Where a line in the records holds "Lane", count it once; return only the final number.

*** Opening RECORDS SUPPLIED ***

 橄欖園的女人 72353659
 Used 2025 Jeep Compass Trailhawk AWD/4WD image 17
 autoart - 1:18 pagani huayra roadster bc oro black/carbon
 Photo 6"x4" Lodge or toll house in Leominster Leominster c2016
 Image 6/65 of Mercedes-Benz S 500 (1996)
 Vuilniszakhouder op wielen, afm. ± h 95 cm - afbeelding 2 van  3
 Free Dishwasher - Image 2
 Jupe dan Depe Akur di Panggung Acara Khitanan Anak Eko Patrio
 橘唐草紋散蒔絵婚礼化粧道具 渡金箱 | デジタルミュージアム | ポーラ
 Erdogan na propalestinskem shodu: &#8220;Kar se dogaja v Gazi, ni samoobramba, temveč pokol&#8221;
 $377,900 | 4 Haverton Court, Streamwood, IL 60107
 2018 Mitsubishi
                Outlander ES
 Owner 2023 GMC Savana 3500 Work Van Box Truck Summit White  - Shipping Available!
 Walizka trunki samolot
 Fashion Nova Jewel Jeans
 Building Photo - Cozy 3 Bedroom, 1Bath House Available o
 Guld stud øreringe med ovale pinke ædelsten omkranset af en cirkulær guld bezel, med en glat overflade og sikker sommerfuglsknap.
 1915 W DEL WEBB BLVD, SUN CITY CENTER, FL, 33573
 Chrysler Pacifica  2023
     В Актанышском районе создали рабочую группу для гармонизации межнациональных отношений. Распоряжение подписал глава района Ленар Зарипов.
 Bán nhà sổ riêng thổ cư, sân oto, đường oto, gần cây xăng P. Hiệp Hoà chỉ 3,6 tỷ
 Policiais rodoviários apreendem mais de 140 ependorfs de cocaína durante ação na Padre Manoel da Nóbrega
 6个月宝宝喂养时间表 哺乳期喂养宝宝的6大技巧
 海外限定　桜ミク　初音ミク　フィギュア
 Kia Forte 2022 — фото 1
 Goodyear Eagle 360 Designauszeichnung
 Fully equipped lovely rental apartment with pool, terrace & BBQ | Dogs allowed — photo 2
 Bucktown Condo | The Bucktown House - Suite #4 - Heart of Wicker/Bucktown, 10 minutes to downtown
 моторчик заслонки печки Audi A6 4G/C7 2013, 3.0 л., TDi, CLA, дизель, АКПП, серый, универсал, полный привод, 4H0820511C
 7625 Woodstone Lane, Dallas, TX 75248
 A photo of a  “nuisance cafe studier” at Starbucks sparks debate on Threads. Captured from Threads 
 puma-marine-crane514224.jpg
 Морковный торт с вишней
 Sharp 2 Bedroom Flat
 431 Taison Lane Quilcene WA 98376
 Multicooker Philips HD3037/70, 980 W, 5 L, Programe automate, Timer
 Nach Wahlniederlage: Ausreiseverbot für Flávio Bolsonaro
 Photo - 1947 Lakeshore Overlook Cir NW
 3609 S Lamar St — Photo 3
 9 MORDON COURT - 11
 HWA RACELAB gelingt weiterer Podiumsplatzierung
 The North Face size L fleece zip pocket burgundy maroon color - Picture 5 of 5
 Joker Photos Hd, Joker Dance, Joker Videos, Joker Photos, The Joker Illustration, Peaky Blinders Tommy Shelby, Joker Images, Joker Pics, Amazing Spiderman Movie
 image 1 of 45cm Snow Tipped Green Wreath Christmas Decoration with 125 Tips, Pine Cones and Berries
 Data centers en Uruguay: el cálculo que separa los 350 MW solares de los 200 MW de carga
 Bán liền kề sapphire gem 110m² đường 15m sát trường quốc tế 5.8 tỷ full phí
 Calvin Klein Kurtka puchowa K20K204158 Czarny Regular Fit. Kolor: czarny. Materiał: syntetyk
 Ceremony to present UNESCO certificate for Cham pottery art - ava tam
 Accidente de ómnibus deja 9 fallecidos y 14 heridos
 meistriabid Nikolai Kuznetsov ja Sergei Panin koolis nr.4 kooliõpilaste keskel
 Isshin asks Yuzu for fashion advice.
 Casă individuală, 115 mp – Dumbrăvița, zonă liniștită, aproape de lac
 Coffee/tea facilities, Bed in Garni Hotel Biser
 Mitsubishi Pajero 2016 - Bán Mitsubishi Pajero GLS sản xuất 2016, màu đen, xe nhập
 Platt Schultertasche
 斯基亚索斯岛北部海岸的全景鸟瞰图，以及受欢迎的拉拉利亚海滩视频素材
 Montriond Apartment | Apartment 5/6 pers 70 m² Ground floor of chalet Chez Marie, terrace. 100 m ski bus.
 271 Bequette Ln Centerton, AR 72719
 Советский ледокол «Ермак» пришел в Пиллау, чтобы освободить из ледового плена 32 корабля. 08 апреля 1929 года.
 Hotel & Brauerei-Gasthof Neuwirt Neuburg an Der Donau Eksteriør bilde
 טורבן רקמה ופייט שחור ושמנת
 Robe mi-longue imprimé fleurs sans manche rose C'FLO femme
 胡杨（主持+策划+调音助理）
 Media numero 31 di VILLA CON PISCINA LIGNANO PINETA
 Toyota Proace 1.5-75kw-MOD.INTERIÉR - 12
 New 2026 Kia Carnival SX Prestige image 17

*** Closing RECORDS SUPPLIED ***

[RESULT]: 2